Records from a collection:
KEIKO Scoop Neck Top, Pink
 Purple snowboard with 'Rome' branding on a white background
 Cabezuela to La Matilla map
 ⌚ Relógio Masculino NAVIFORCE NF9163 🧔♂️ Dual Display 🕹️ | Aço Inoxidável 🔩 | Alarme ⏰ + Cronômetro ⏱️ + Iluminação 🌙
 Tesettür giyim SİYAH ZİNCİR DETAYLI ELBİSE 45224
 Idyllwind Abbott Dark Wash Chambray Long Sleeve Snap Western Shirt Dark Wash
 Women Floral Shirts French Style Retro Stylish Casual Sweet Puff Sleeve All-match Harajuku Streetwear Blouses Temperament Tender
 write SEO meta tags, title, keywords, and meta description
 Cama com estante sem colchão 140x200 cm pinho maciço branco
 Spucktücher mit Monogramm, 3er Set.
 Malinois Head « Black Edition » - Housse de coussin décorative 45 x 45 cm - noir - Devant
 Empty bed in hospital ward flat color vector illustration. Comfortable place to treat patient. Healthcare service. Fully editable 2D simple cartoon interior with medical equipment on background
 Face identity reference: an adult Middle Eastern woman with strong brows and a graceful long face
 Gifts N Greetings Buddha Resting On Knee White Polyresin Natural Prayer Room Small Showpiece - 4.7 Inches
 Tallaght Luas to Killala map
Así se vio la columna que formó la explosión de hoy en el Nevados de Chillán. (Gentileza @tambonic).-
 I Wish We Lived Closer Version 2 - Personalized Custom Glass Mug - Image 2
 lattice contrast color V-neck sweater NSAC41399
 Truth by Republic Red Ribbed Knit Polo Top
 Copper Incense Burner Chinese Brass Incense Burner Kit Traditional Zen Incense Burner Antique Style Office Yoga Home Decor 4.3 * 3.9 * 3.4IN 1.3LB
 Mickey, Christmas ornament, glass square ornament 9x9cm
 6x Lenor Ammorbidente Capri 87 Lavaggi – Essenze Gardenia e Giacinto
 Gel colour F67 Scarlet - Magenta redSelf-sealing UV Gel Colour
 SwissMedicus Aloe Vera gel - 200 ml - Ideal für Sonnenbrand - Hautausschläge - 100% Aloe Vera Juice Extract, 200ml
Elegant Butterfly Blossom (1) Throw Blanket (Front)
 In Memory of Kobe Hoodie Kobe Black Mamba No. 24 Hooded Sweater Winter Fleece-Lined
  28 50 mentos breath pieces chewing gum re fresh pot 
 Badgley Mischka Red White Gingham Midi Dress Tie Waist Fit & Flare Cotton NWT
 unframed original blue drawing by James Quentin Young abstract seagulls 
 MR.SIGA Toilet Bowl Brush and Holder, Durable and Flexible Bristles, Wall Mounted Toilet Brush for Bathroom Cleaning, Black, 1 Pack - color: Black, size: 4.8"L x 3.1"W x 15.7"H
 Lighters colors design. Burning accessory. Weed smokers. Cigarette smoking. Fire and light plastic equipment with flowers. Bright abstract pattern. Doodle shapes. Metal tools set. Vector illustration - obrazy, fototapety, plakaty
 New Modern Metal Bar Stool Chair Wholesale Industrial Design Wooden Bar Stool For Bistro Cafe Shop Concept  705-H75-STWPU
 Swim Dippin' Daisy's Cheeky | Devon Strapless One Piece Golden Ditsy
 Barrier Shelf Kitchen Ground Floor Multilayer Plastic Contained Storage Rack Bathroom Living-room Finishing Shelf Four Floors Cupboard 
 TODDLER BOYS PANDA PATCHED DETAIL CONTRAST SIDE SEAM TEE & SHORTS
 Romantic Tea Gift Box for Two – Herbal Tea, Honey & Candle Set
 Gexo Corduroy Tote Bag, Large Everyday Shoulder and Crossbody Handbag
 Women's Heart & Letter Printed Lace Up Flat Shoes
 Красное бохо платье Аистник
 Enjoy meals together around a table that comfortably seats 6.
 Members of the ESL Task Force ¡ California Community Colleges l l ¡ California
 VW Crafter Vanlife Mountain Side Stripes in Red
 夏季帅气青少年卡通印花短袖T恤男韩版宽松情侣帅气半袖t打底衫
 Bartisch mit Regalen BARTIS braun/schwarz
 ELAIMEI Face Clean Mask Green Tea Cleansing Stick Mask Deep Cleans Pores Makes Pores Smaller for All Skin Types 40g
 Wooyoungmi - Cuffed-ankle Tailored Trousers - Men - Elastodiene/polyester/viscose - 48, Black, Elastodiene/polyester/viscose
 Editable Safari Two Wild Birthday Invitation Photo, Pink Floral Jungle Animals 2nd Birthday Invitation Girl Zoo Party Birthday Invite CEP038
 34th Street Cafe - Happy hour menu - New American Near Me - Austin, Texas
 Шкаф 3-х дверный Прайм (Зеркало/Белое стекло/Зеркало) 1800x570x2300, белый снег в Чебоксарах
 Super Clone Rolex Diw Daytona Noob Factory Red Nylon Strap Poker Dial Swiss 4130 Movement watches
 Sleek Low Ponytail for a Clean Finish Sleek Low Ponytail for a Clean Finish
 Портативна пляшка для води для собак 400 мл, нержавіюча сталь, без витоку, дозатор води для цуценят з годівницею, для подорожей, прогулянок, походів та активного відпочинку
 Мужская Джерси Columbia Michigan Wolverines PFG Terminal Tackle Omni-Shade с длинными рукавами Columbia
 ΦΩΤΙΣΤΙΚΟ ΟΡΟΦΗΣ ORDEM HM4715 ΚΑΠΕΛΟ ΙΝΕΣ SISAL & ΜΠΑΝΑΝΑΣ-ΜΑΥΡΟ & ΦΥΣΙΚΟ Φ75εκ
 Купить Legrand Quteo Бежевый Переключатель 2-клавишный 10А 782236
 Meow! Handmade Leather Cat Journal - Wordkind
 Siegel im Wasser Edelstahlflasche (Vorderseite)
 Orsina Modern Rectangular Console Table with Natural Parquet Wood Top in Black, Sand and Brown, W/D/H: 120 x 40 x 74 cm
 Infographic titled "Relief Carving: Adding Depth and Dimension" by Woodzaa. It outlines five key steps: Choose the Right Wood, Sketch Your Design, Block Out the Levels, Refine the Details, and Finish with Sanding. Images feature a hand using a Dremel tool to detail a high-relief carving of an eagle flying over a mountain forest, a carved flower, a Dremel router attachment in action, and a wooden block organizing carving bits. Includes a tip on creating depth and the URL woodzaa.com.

■ TASK GOAL ■
Would you write out all of the data exactly as given?

■ EXERCISE ANSWER ■
KEIKO Scoop Neck Top, Pink
 Purple snowboard with 'Rome' branding on a white background
 Cabezuela to La Matilla map
 ⌚ Relógio Masculino NAVIFORCE NF9163 🧔♂️ Dual Display 🕹️ | Aço Inoxidável 🔩 | Alarme ⏰ + Cronômetro ⏱️ + Iluminação 🌙
 Tesettür giyim SİYAH ZİNCİR DETAYLI ELBİSE 45224
 Idyllwind Abbott Dark Wash Chambray Long Sleeve Snap Western Shirt Dark Wash
 Women Floral Shirts French Style Retro Stylish Casual Sweet Puff Sleeve All-match Harajuku Streetwear Blouses Temperament Tender
 write SEO meta tags, title, keywords, and meta description
 Cama com estante sem colchão 140x200 cm pinho maciço branco
 Spucktücher mit Monogramm, 3er Set.
 Malinois Head « Black Edition » - Housse de coussin décorative 45 x 45 cm - noir - Devant
 Empty bed in hospital ward flat color vector illustration. Comfortable place to treat patient. Healthcare service. Fully editable 2D simple cartoon interior with medical equipment on background
 Face identity reference: an adult Middle Eastern woman with strong brows and a graceful long face
 Gifts N Greetings Buddha Resting On Knee White Polyresin Natural Prayer Room Small Showpiece - 4.7 Inches
 Tallaght Luas to Killala map
Así se vio la columna que formó la explosión de hoy en el Nevados de Chillán. (Gentileza @tambonic).-
 I Wish We Lived Closer Version 2 - Personalized Custom Glass Mug - Image 2
 lattice contrast color V-neck sweater NSAC41399
 Truth by Republic Red Ribbed Knit Polo Top
 Copper Incense Burner Chinese Brass Incense Burner Kit Traditional Zen Incense Burner Antique Style Office Yoga Home Decor 4.3 * 3.9 * 3.4IN 1.3LB
 Mickey, Christmas ornament, glass square ornament 9x9cm
 6x Lenor Ammorbidente Capri 87 Lavaggi – Essenze Gardenia e Giacinto
 Gel colour F67 Scarlet - Magenta redSelf-sealing UV Gel Colour
 SwissMedicus Aloe Vera gel - 200 ml - Ideal für Sonnenbrand - Hautausschläge - 100% Aloe Vera Juice Extract, 200ml
Elegant Butterfly Blossom (1) Throw Blanket (Front)
 In Memory of Kobe Hoodie Kobe Black Mamba No. 24 Hooded Sweater Winter Fleece-Lined
  28 50 mentos breath pieces chewing gum re fresh pot 
 Badgley Mischka Red White Gingham Midi Dress Tie Waist Fit & Flare Cotton NWT
 unframed original blue drawing by James Quentin Young abstract seagulls 
 MR.SIGA Toilet Bowl Brush and Holder, Durable and Flexible Bristles, Wall Mounted Toilet Brush for Bathroom Cleaning, Black, 1 Pack - color: Black, size: 4.8"L x 3.1"W x 15.7"H
 Lighters colors design. Burning accessory. Weed smokers. Cigarette smoking. Fire and light plastic equipment with flowers. Bright abstract pattern. Doodle shapes. Metal tools set. Vector illustration - obrazy, fototapety, plakaty
 New Modern Metal Bar Stool Chair Wholesale Industrial Design Wooden Bar Stool For Bistro Cafe Shop Concept  705-H75-STWPU
 Swim Dippin' Daisy's Cheeky | Devon Strapless One Piece Golden Ditsy
 Barrier Shelf Kitchen Ground Floor Multilayer Plastic Contained Storage Rack Bathroom Living-room Finishing Shelf Four Floors Cupboard 
 TODDLER BOYS PANDA PATCHED DETAIL CONTRAST SIDE SEAM TEE & SHORTS
 Romantic Tea Gift Box for Two – Herbal Tea, Honey & Candle Set
 Gexo Corduroy Tote Bag, Large Everyday Shoulder and Crossbody Handbag
 Women's Heart & Letter Printed Lace Up Flat Shoes
 Красное бохо платье Аистник
 Enjoy meals together around a table that comfortably seats 6.
 Members of the ESL Task Force ¡ California Community Colleges l l ¡ California
 VW Crafter Vanlife Mountain Side Stripes in Red
 夏季帅气青少年卡通印花短袖T恤男韩版宽松情侣帅气半袖t打底衫
 Bartisch mit Regalen BARTIS braun/schwarz
 ELAIMEI Face Clean Mask Green Tea Cleansing Stick Mask Deep Cleans Pores Makes Pores Smaller for All Skin Types 40g
 Wooyoungmi - Cuffed-ankle Tailored Trousers - Men - Elastodiene/polyester/viscose - 48, Black, Elastodiene/polyester/viscose
 Editable Safari Two Wild Birthday Invitation Photo, Pink Floral Jungle Animals 2nd Birthday Invitation Girl Zoo Party Birthday Invite CEP038
 34th Street Cafe - Happy hour menu - New American Near Me - Austin, Texas
 Шкаф 3-х дверный Прайм (Зеркало/Белое стекло/Зеркало) 1800x570x2300, белый снег в Чебоксарах
 Super Clone Rolex Diw Daytona Noob Factory Red Nylon Strap Poker Dial Swiss 4130 Movement watches
 Sleek Low Ponytail for a Clean Finish Sleek Low Ponytail for a Clean Finish
 Портативна пляшка для води для собак 400 мл, нержавіюча сталь, без витоку, дозатор води для цуценят з годівницею, для подорожей, прогулянок, походів та активного відпочинку
 Мужская Джерси Columbia Michigan Wolverines PFG Terminal Tackle Omni-Shade с длинными рукавами Columbia
 ΦΩΤΙΣΤΙΚΟ ΟΡΟΦΗΣ ORDEM HM4715 ΚΑΠΕΛΟ ΙΝΕΣ SISAL & ΜΠΑΝΑΝΑΣ-ΜΑΥΡΟ & ΦΥΣΙΚΟ Φ75εκ
 Купить Legrand Quteo Бежевый Переключатель 2-клавишный 10А 782236
 Meow! Handmade Leather Cat Journal - Wordkind
 Siegel im Wasser Edelstahlflasche (Vorderseite)
 Orsina Modern Rectangular Console Table with Natural Parquet Wood Top in Black, Sand and Brown, W/D/H: 120 x 40 x 74 cm
 Infographic titled "Relief Carving: Adding Depth and Dimension" by Woodzaa. It outlines five key steps: Choose the Right Wood, Sketch Your Design, Block Out the Levels, Refine the Details, and Finish with Sanding. Images feature a hand using a Dremel tool to detail a high-relief carving of an eagle flying over a mountain forest, a carved flower, a Dremel router attachment in action, and a wooden block organizing carving bits. Includes a tip on creating depth and the URL woodzaa.com.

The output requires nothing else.